En l'an 2000, un quart des informations consignées dans le monde existait au format numérique. En seulement 13 ans, ce taux est passé à 98%. Les espaces numériques, encore tout à fait facultatifs au début du siècle, ont pris une place centrale dans les activités humaines, y compris culturelles.
Dans ce monde numérique, les espaces socionumériques (les réseaux sociaux) représentent un phénomène en soi, avec un taux de pénétration de 80,3 % de la population française avec 52,60 millions d’utilisateurs actifs en janvier 2022 contre 58,4% au niveau mondial (We Are Social, Hootsuite, 2022). Dans ce contexte, un véritable processus de "mise en données" du monde (ou "Datafication"1) est à l’œuvre, et dont les implications sont encore insoupçonnées : "numériser non plus des documents, mais tous les aspects de la vie."
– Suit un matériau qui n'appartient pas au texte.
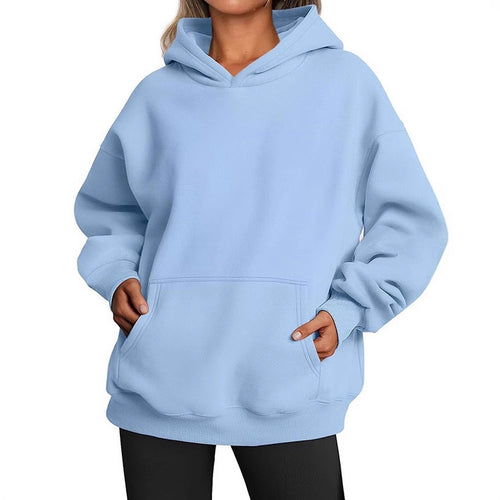 Damen lässiger Kapuzenpullover mit bequemer Passform und Kängurutasche Drune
"Data brokers, les courtiers de nos données (lien externe)", l'épisode du 7 juillet 2018 de l'émission de France Inter "Tout est numérique", présente l’ampleur du commerce réalisé autour de ces données semées à chaque instant de notre activité numérique, notamment par les Data Brokers. Ces courtiers en données sont spécialisés dans la collecte, l’achat et la vente de données sur des personnes ou des organisations. Ces données englobent une large variété d’informations, allant des données démographiques aux comportements de consommation, en passant par les habitudes de navigation sur Internet, les informations financières et les historiques d’achats. Les data brokers obtiennent ces informations à partir de sources publiques, telles que les registres gouvernementaux, les listes électorales et les informations disponibles sur les réseaux sociaux mais aussi des données commerciales recueillies via des transactions, des programmes de fidélité ou des enquêtes de satisfaction. De plus, ils collectent des données numériques par le biais de cookies, d’applications mobiles, de sites web et de plateformes de médias sociaux. Cette "mise en données" massive porte en elle une véritable idéologie, à en croire Jeff Brookes, éditorialiste du New York Times : l’idée que “tout ce qui est mesurable devrait l’être” et que la donnée pourrait nous aider à faire des choses aussi remarquables que de "prédire le futur".